It seems to me that the timing of a more acute swing is really important. If a player has a 45-50 degree swing, and the ball makes contact with the bat before it gets around, wouldn’t it hit the dirt in front of the plate?
The flip side, if a 45-50 swing makes contact with the ball late, or out in front of the zone, wouldn’t it be popped up foul?
It seems like swing angle is a part of the piece to this puzzle, and my instincts tell me that it is probably only the extreme cases that have a significant influence on result.
That said, I love the idea of examining swing mechanics as the rawest skillset a batter has. It is equivalent to examining a pitcher’s pitch arsenal for velocity and movement. One other point on swing mechanics I’ve always wondered about: If F-m*a, wouldn’t bat acceleration be more important than bat speed?
I think it’s more about conservation of momentum during the (nearly) elastic collision between the bat and the ball, where momentum = m*v.

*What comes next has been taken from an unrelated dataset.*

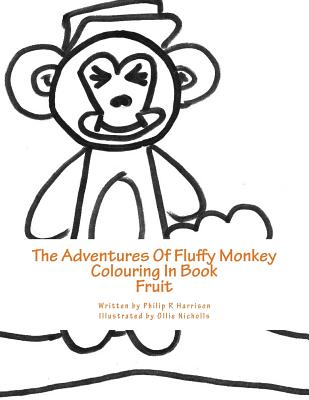 The Adventures Of Fluffy Monkey: Fruit - Harrison, Philip R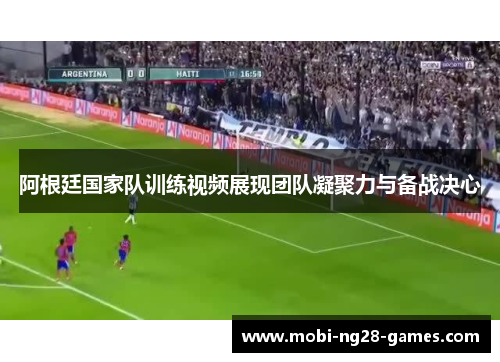 阿根廷国家队训练视频展现团队凝聚力与备战决心 阿根廷国家队训练视频展现团队凝聚力与备战决心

Comment by Jimmy Johnson — August 30, 2012 @ 11:59 am
I actually spent a little time looking at Votto — for that same humorous and digestive purpose. If I recall correctly, his swings varied considerable (as we might expect given his .408/.418/.422 GB/NU/FB split), but that his overall swing looked a bit uppercuttish, in the low 50° — which is a bit opposite of expectations.
A Reds fan would be better equipped, however, to speak on his swinging motion than me. I only saw 10 or so swings from him. And given how good his numbers are anyway, it’s very possible it’s just random variation that his GB/FB splits are 14 points off.
A tremendous bouquet of thank yous for this intriguing article.
Question: would you expect this swing angle analysis to tell a similar story in success-by-pitch-location? I.e. flatter swings performing better high in the zone, uppercuts better low in the zone. It seems like a given, but it would be neat to see which hitters have the greatest discrepancy in high vs. low performance, and whether or not this tracks to a similar swing analysis. Is this possible?
This is so great Bradley. The only thing I wonder about is if the placement of the ball determines so much of the swing angle the way you’re figuring it. I like your analysis of the follow-through. Maybe that’s the place to focus in order to determine an uppercut vs a level swing plane in a statistical fashion?
Yeah, there is definitely an interplay of location and even pitch selection when it comes to the swing angles. A low ball /uppercut hitter may just pass on the high stuff until he gets something low to swing at — thereby never showing us a more level angle.
At the some time though, there some guys you can watch — like David Murphy, IMHO — and see they take the same approach on every swing, dipping their back shoulder and swinging upwards even at high pitches.
In terms of statistically establishing a method of determining uppercuttiness, I definitely think the follow-through merits more attention.
I think — though I’ve not thought tested it just yet — that high-ball hitters and level-swingers ought to be the same person. But at the same time, I would not be surprised to see an absence of correlation.
For instance, Ben Zobrist hits fly-ballers better, but he also goes after low-zone pitches pretty well, too, dropping his hands down low and maintaining a level swing even in the bottom of the zone. When you have vision like Zobrist, you can probably match a level swing to a ball anywhere in the zone, so maybe vision is the component that determines high-low frequencies moreso than swing plane? I dunno, it’s work studying.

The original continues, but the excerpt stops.